_What the task asks_
Print each line exactly, from the one with "White Palace Otel Gampaha Dış mekan fotoğraf" to the very last line of the listing, and keep the pictures out.

_Records for this exercise_

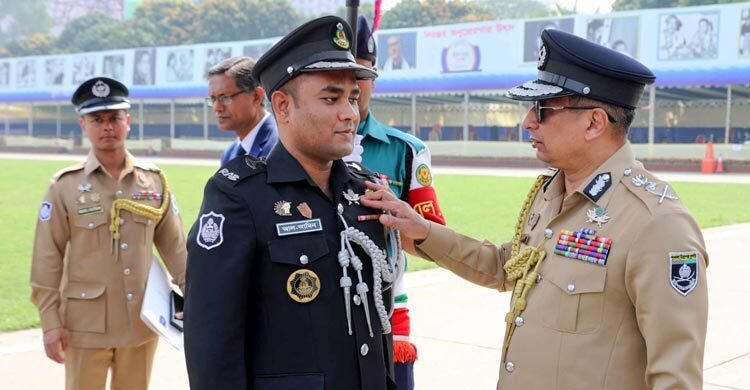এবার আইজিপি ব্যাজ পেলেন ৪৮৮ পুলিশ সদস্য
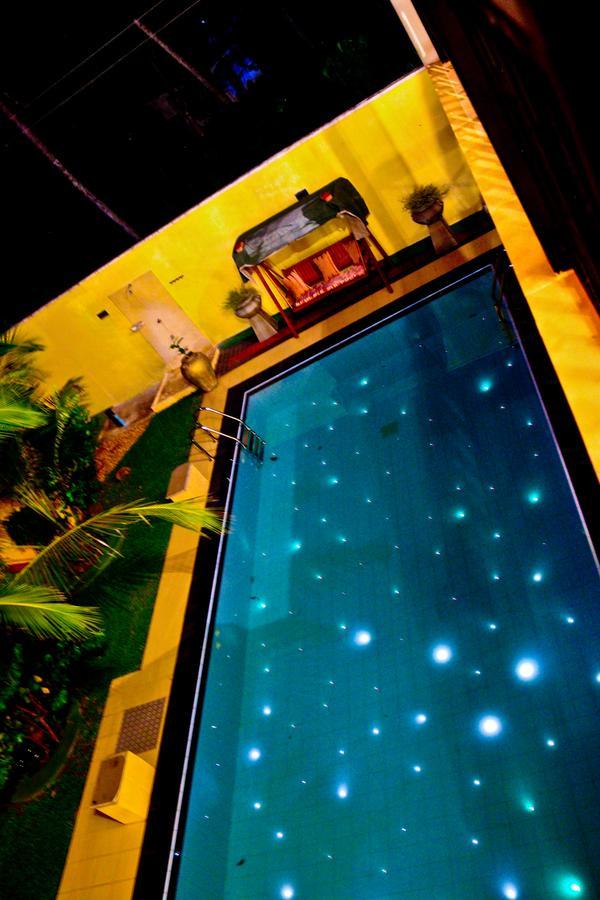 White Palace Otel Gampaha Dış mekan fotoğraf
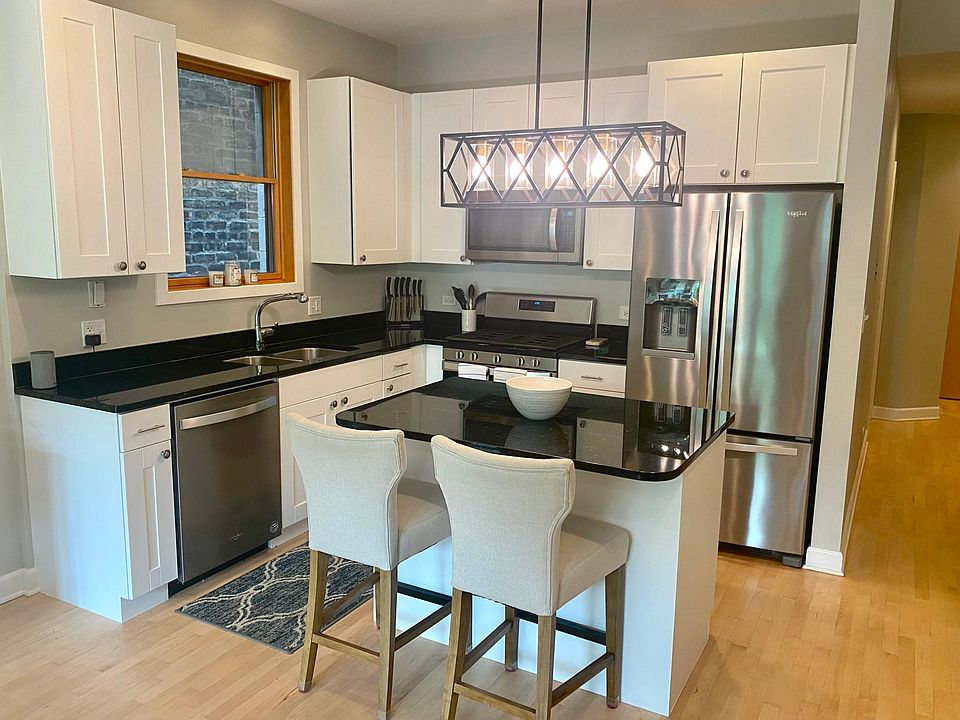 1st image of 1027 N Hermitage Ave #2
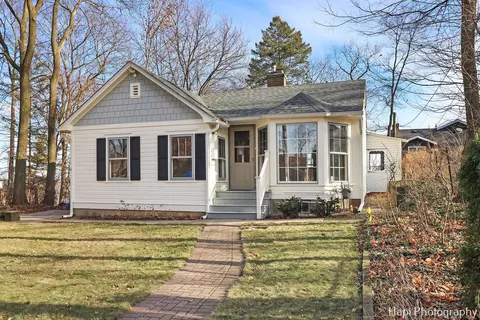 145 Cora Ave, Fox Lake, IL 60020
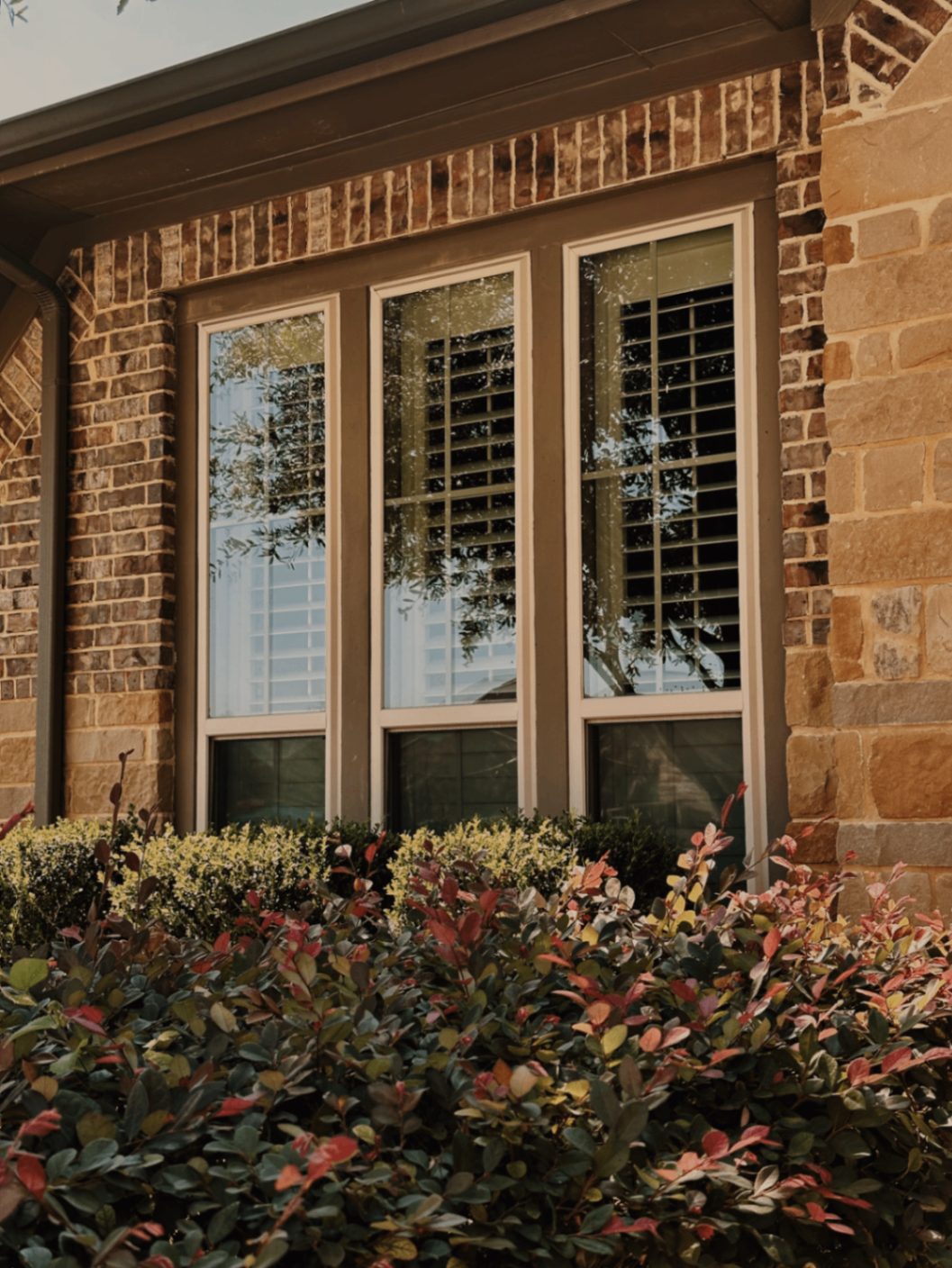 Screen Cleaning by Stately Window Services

_Answer box_
 White Palace Otel Gampaha Dış mekan fotoğraf
 1st image of 1027 N Hermitage Ave #2
 145 Cora Ave, Fox Lake, IL 60020
 Screen Cleaning by Stately Window Services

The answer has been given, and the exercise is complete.